Our Suite of Technologies
Through our IIP, we collaborate with scientific and academic partners to identify immunology breakthroughs and build potential pipeline candidates. This is done through co-creation. We bring to the collaboration our unique suite of antibody engineering technologies and experience in clinical development and our partners bring a wealth of disease and target biology expertise.
- SIMPLE Antibody platform: Our proprietary SIMPLE Antibody platform, based on the powerful llama immune system, allows us to exploit novel and complex disease biology targets. The platform sources antibody variable regions (V-regions) from the immune system of outbred llamas, each of which has a different genetic background. The llama produces highly diverse panels of antibodies with a high human homology, or similarity, in their V-regions when immunized with targets of human disease. Our SIMPLE Antibody platform allows us to access and explore a broad target universe while potentially minimizing the long timelines associated with generating antibody candidates using traditional methods.
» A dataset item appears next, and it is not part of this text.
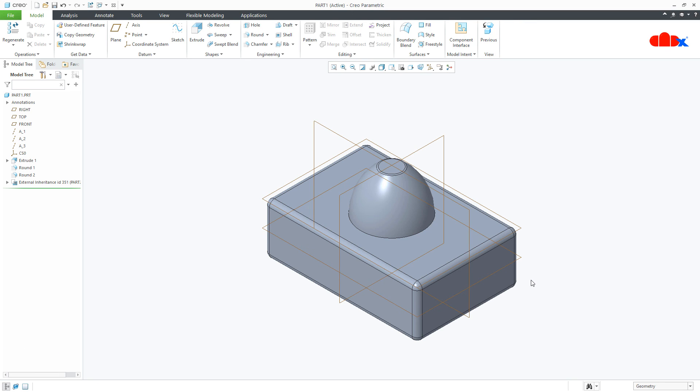This was the Boolean operation in Creo Parametric and I hope this video will be helpful. You can like this video if you find this video helpful and I will see you in my next video. Thank you.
- NHance, ABDEG, POTELLIGENT®, and dehydrated hereditary stomatocytosis (DHS) mutations focus on engineering the Fc region of antibodies in order to augment their intrinsic therapeutic properties. In addition, we obtained a non-exclusive research license and option from Chugai Pharmaceutical Co., Ltd. (Chugai) for the SMART-Ig® and ACT-Ig® technologies. These technologies are designed to enable us to expand the therapeutic index of our product candidates, which is the ratio between toxic and therapeutic dose, by potentially modifying their half-life, tissue penetration, rate of disease target clearance and potency. In 2020, we also entered into a non-exclusive research agreement with the Clayton Foundation under which we may access the Clayton Foundation’s proprietary DHS mutations to extend the serum half-life of therapeutic antibodies.
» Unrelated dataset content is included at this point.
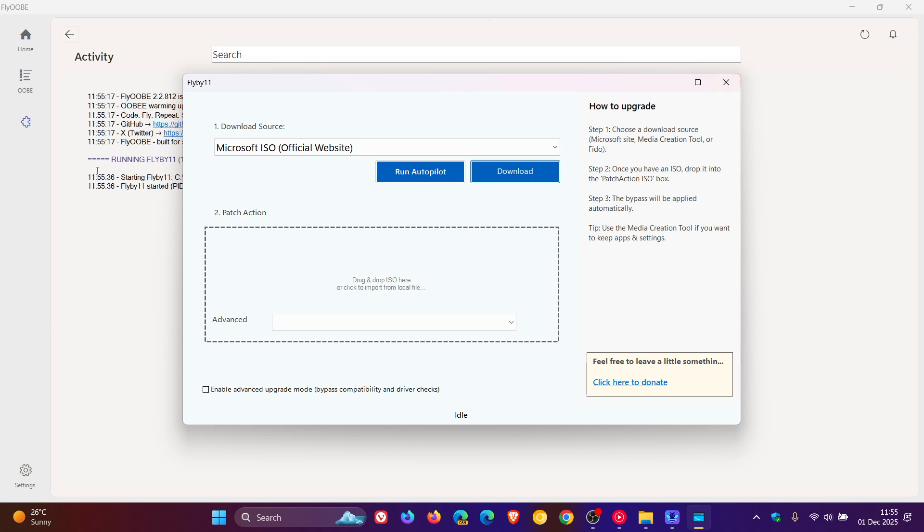This was the original app before it was bumped up and upgraded to Flyob. It's mentioned that the Flybar 11 UI has been simplified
- Halozyme’s ENHANZE SC drug delivery technology: We have exclusive access to ENHANZE for the FcRn and C2 targets and four additional targets. The global collaboration and license agreement with Halozyme was announced in February 2019 and expanded in October 2020. The ENHANZE® technology has the potential to shorten drug administration time, reduce healthcare practitioner time and offer additional flexibility and convenience for patients.
- In April 2021, we entered into a collaboration and license agreement with Elektrofi, Inc. (Elektrofi) to explore Elektrofi’s high-concentration, low-volume delivery technology for efgartigimod, and up to one additional target.